So I am 7 weeks pregnant with our first child!! We are so excited but trying to stay a bit cautious. The reason we haven't announced it to the whole world ... aside from the whole unwritten 3-month rule ... is because it's been quite an eventful first trimester so far, not always in the best of ways. I won't go into the down & dirty here, since people may be grossed out, but if you want to know, email me. Everything seems to be fine now though, thank God, and I can finally relax a bit.
So here's the deal: Found out May 18 at Mary Jane's apartment in NYC. (Yes, I was traveling with a pregnancy test. Sue me.) Things went great for a couple of days then quickly appeared to go south ... it really looked like I was going to lose it, but after a zillion blood tests, it became obvious that it was, in fact, sticking around at least for the time being!!

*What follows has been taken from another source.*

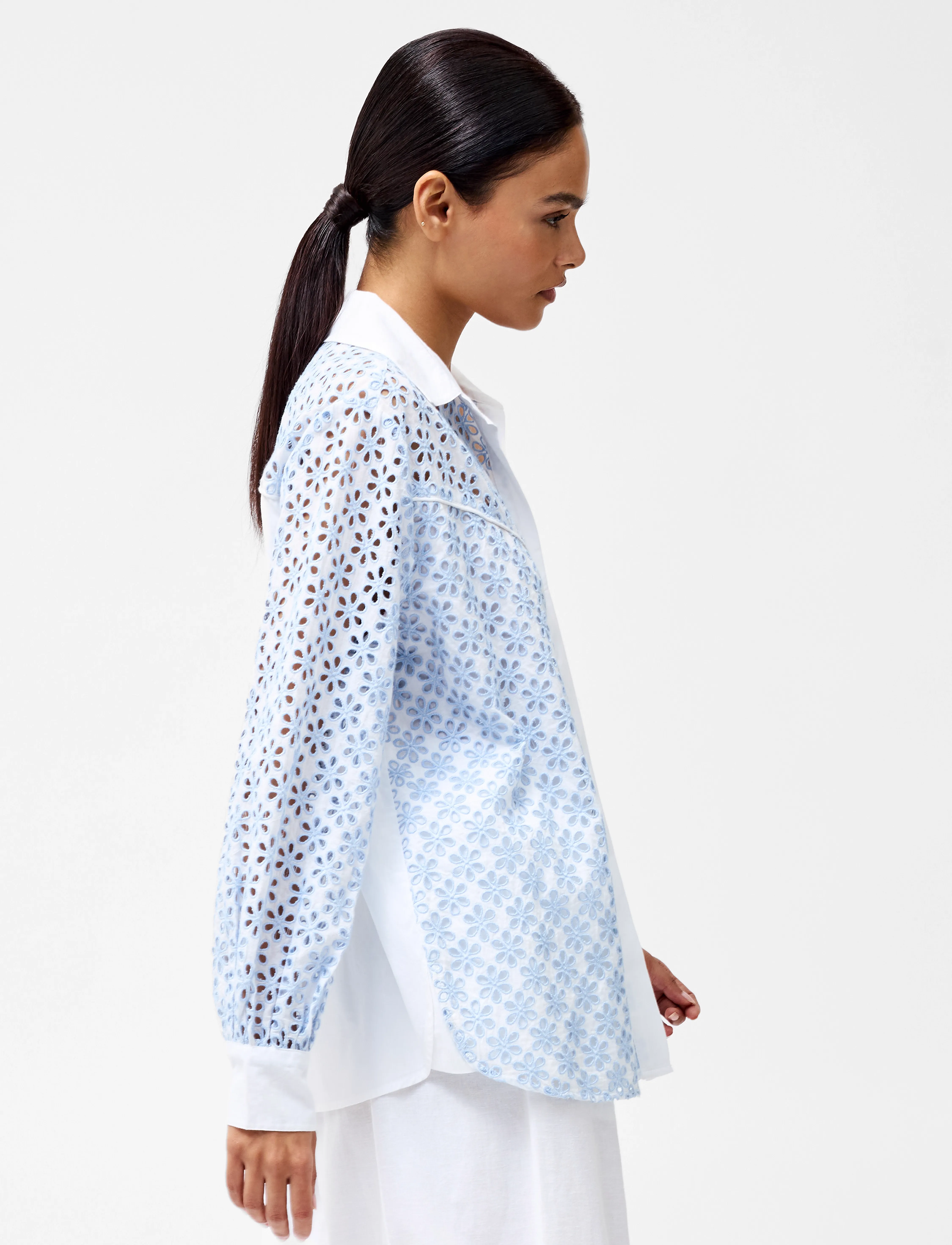 French Connection - GALINA COTTON EMBROIDERED SHIR - lühikeste varrukatega särgid - sky blue - 3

I first saw our baby (or what would eventually become our baby) on ultrasound at 5 weeks 1 day. I was so relieved to see ANYTHING at all, and in the right place too. Here's his/her pic from then:

Will said it looked like a chocolate chip, which it totally does.
Things went along and then around 6.5 weeks, guess what I started spotting AGAIN. Gahdammut!! Thankfully I had the most incredible understanding doctor in the entire world who agreed to give me a sonogram just to set my mind at ease. Everything looked fine, and at 6 weeks 2 days I got to see its little bitty heart beating away!! I cried my eyes out. Pic of Potato Chip to come.
Today (June 11) I had my regularly scheduled ultrasound, and I got to hear a nice strong heart beat of 130BPM!!! My doctor, who happens to be a reproductive endocrinologist (I've had endocrine issues in the past) said everything looks fantastic and has released me to an obstetrician. Although I got an appointment with a woman who is supposedly one of the best in DC, I am so incredibly sad to leave Dr. Preston Sacks's practice. If anyone from DC is reading this, Dr. Sacks and his staff are hands-down the best health care providers I have ever been to. I will really miss them. But hopefully I like my new OB. My first appointment with her is on July 3!
Here's today's ultrasound picture. Sorry for the crappy pic, I had to take a picture of it with my cell phone.
Apparently I'm giving birth to a triangle!

In case you're wondering, I feel fantastic. No morning sickness at all!! Whoo hooo!! I do have dizzy spells every so often, and slight waves of nausea but never feel like i'm going to puke. Thank God, too, because the bathroom at work is a good 50-second walk from my office. I'd never EVER make it. A little tired at times. I'm also on a truckload of progesterone supplements (600 mgs of Prometrium a day) since my progesterone was dangerously low earlier, and those contribute to my fatigue.
Poor Will has got to be asking himself who I am and what have I done with his wife ... "old" Simone would never EVER have fallen asleep on the couch during a Red Sox or Celtics game but that is pretty much par for the course for now.
I am elated but scared to death. I don't know thing 1 about pregnancy or motherhood. You think you do when so many of your friends have been pregnant, but when it's your turn, you find yourself incredibly daunted by what you've just done to yourself and to your life. Don't think that I am not thrilled, because I am, but I damn near fainted when I actually saw those two pink lines on a test. (Ask Mary Jane, she'll tell you all about it). These are uncharted waters into which I've hurled myself and my husband with no preparation or swimming lessons. Eeeek!!